We reached out to an NFL veteran and some fellow math and science enthusiasts to develop a list of 5 Deflategate moments that can and should be connected to STEM.

1. The Main Idea: Why a Deflated Ball can be a Better Ball. Any STEM teacher who has worked with students on real world problems understands that students need a basic sense of the issue at hand. Accordingly, before drawing connections to a more complex concept such as the ideal gas law, be sure students understand the basic facts behind what Deflategate and why a deflated ball might be considered advantage. It really comes down to the ability of quarterbacks and receivers to grip and control the ball.

A deflated ball means a ball that is easier to grip and easier to throw and catch.

The Details. Remember, though, in science and life, what’s true in one case may not be true in another. That’s why we talked to veteran NFL kicker Michael Husted (@HustedKicking) to better understand the differences between kickers and quarterbacks on preferred inflation levels. “As a professional kicker, I used to ‘work’ the footballs so that they would travel further when kicked. Having the footballs at the correct psi (13 lbs), but softening the leather, would give us the best scenario to maximize the distance on our kicks. As kickers, we definitely don’t want the football under inflated as that would minimize the effect of the kick. In fact, the current K-ball rule was put into effect because the footballs would sometimes expand from us ‘working’ them and the quarterbacks couldn’t get a good grip on the ball.” Michael is founder of the National Camp Series (which takes an algorithm-based approach to rating kickers) and Husted Kicking.

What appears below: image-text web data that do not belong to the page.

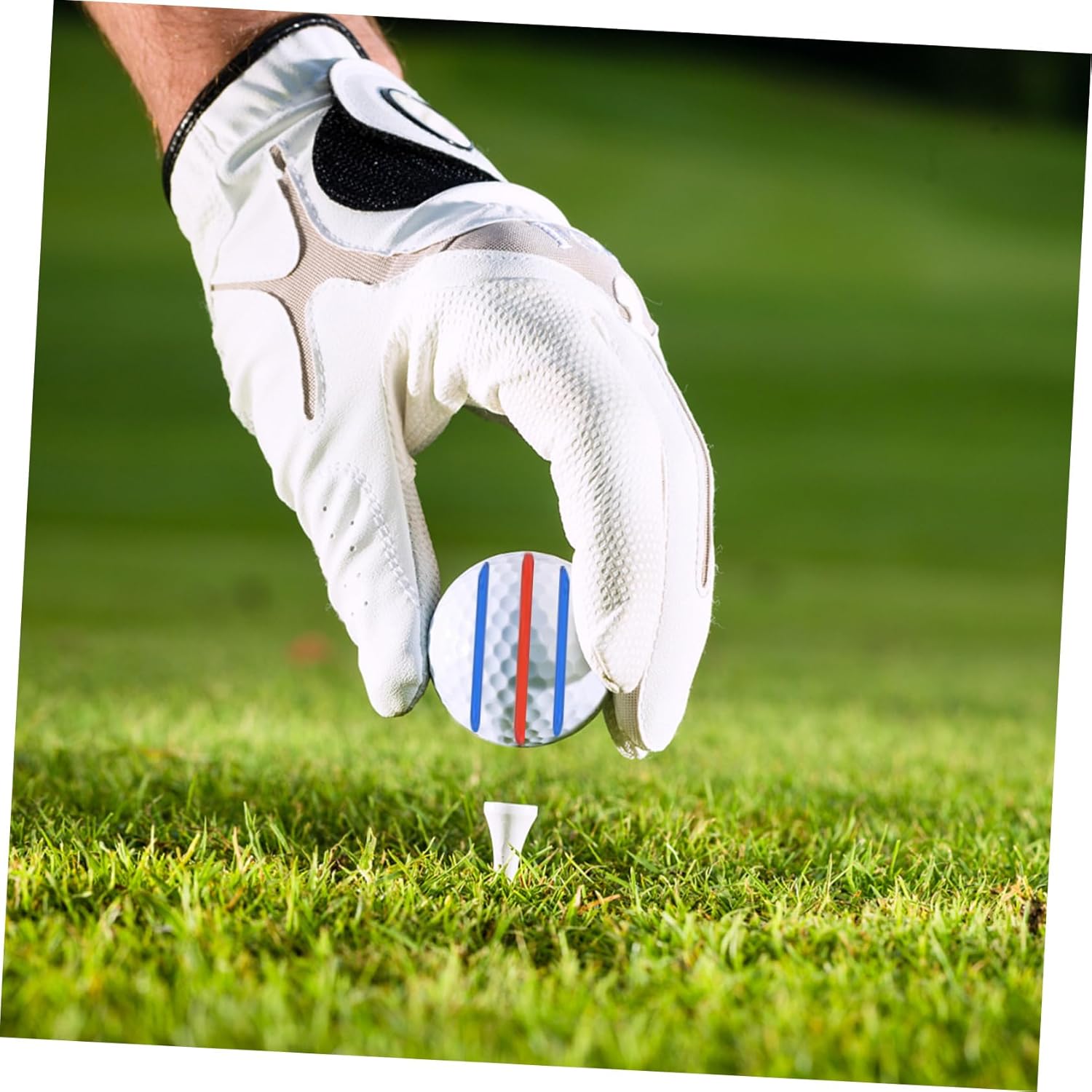 VICASKY Golfs Alignment Tool Golf Accessories Tools Marker Golf Marking Line Sure Golfs Ball Maker Golfing Parts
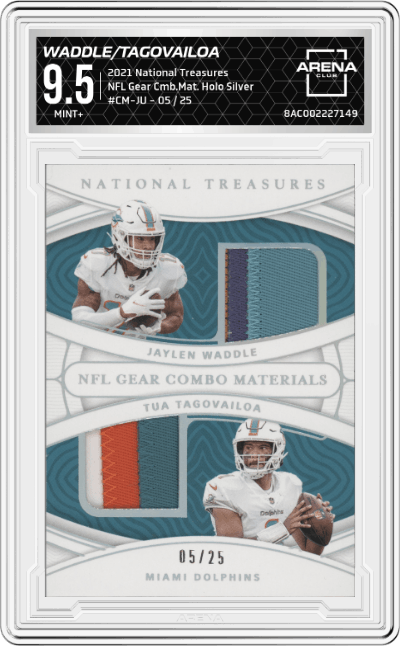 Jaylen Waddle/Tua Tagovailoa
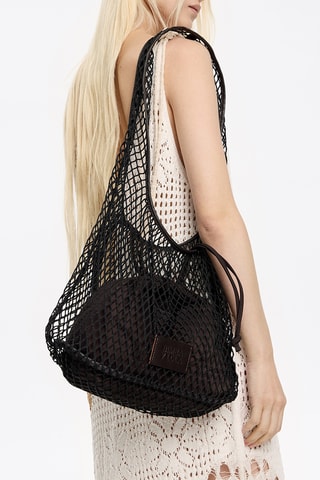 Trendy Handtas - Zwart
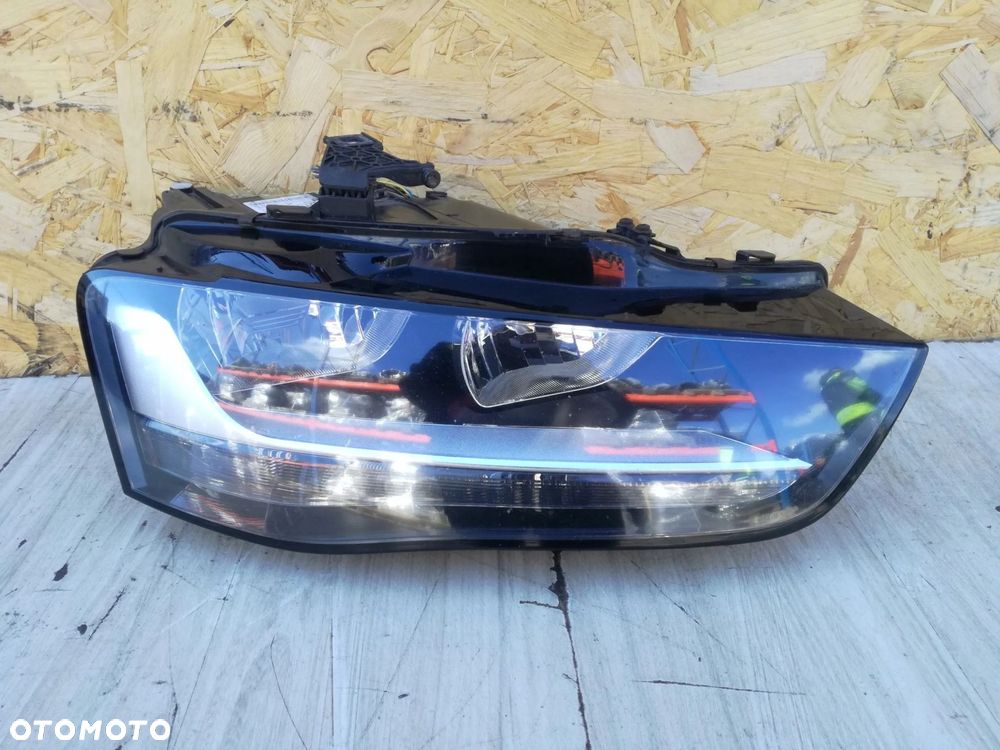 Audi A4 B8 Lift lampa reflektor przód prawa Anglik 11/14 - 1
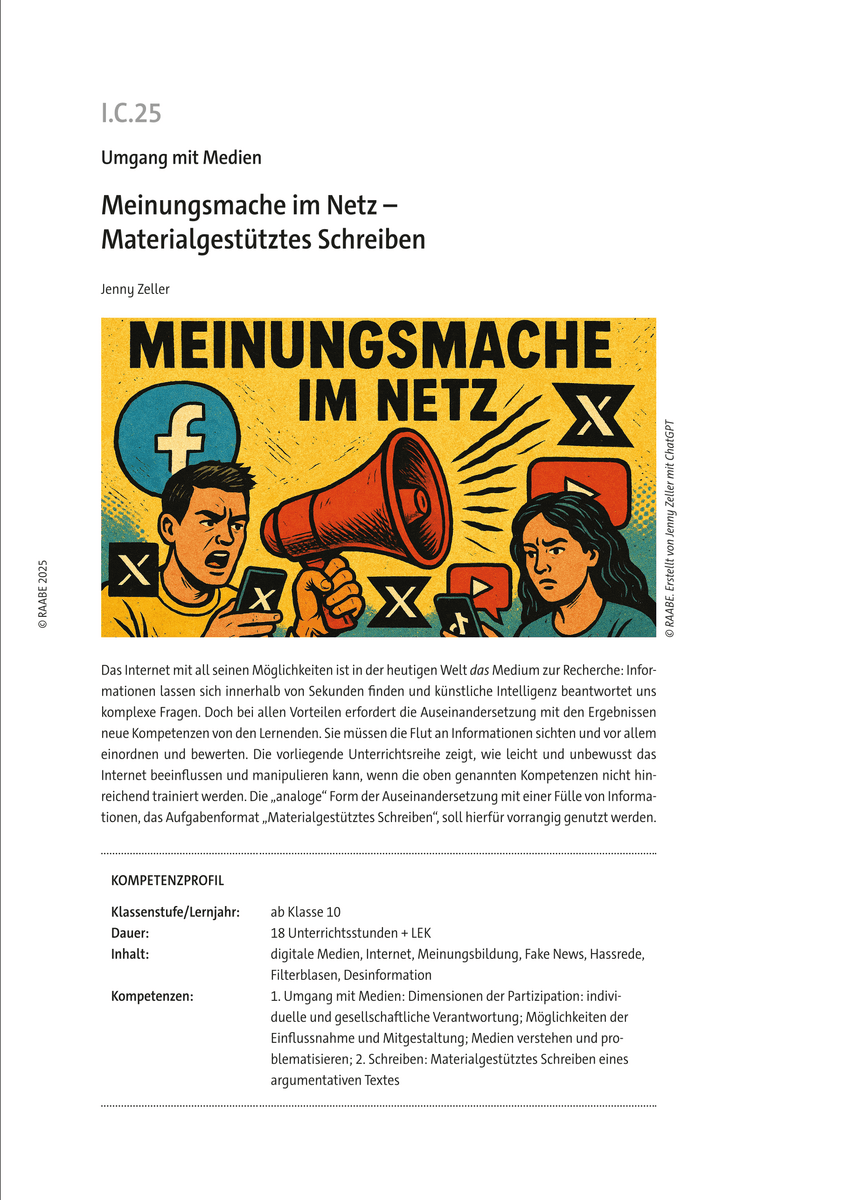 Meinungsmache im Netz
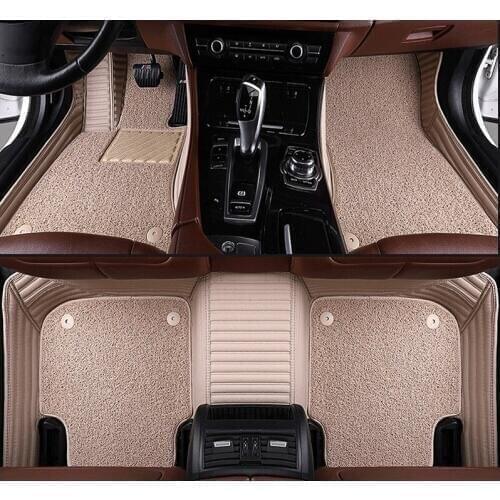 Car floor mats for Chevrolet Cruze Malibu XLCaptiva spark SAIL EPICA AVEO LOVA-rvTRAX Trailblazer Monza orlando equinox CAVALIER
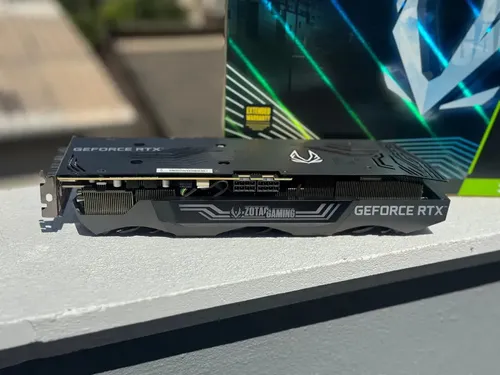 Rtx 3070 Ti 8gb Zotac Trinity | Parcelamento sem juros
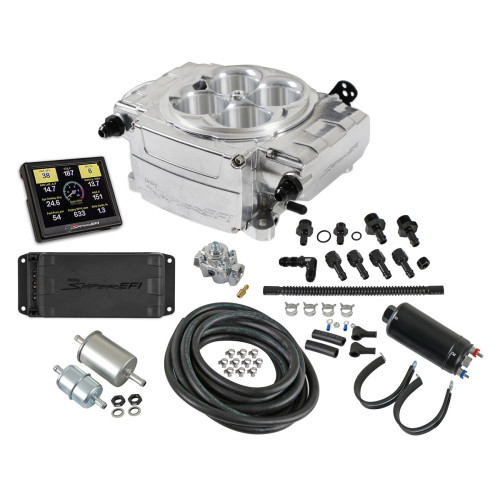 PartzBiz CM: 550-510-3PK-Holley Sniper 2 EFI - Shiny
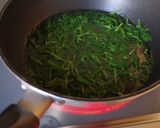 おかひじきとカリカリ油揚げのおひたし♪作り方1写真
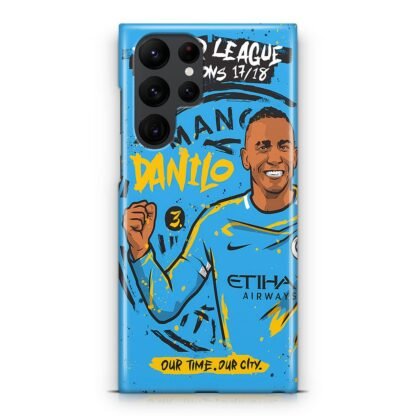 Manchester City FC Danilo Samsung Galaxy S25 / S25 Plus / S25 Ultra 3D Case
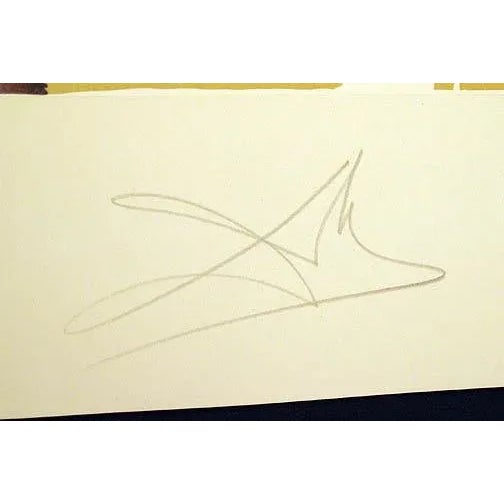 Salvador Dalí Salvador Dali "The Earth Goddess" Authentic Lithograph Pencil Signed Fine Art For Sale - Image 4 of 5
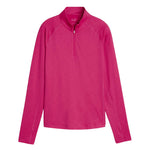 Puma - Women's You-V Golf 1/4 Zip Sweatshirt (537498 02)
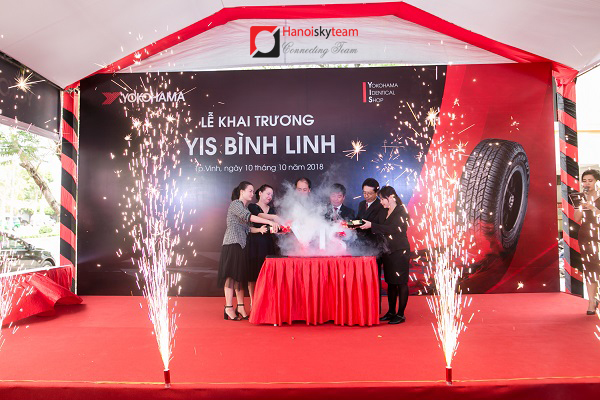Chương trình khai trương cửa hàng YIS Bình Linh – Nghệ An
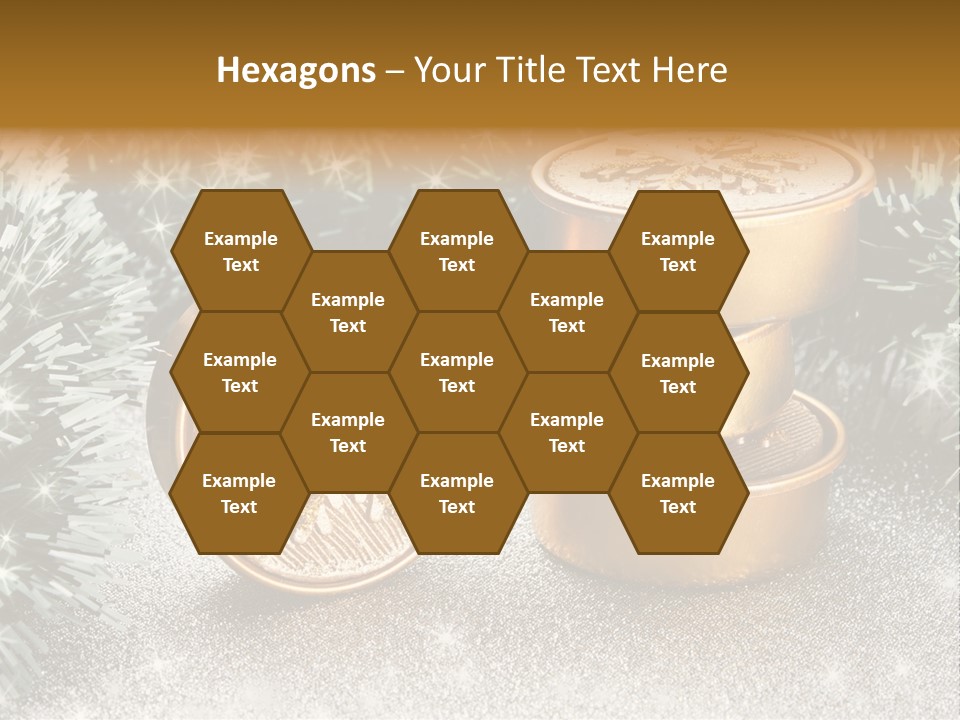 Toys Holiday Postcard PowerPoint Template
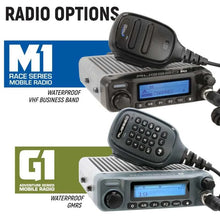 Load image into Gallery viewer, Rugged Radios Polaris General Complete Comm Kit w/ BT Intercom and 2-Way Radio 696 PLUS / G1 GMRS
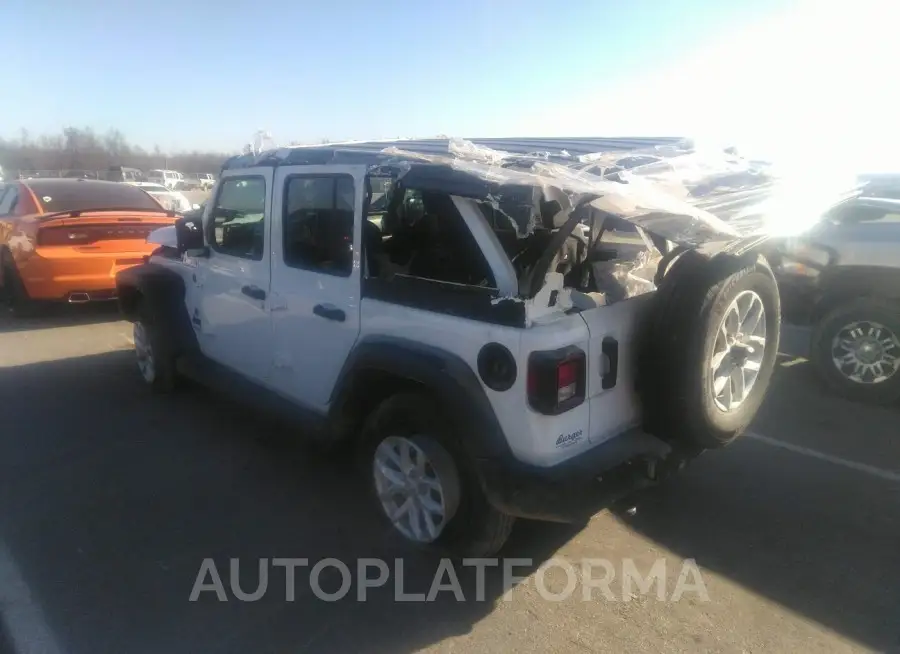 JEEP WRANGLER 2023 vin 1C4HJXDN1PW671604 from auto auction Iaai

Conversation Starter. When might a team prefer distance over accuracy? Are there any negative effects that a deflated ball might have on a team’s performance? With all you’ve heard about Deflategate, did you understand that main idea?

2. The Ideal Gas Law: Why Temperature Matters. This is one of the more obvious (and called out) connections between Deflategate and the sciences. If you have ever taken a deflated balloon into a hot car and watched the balloon expand, then you have experienced the ideal gas law in action.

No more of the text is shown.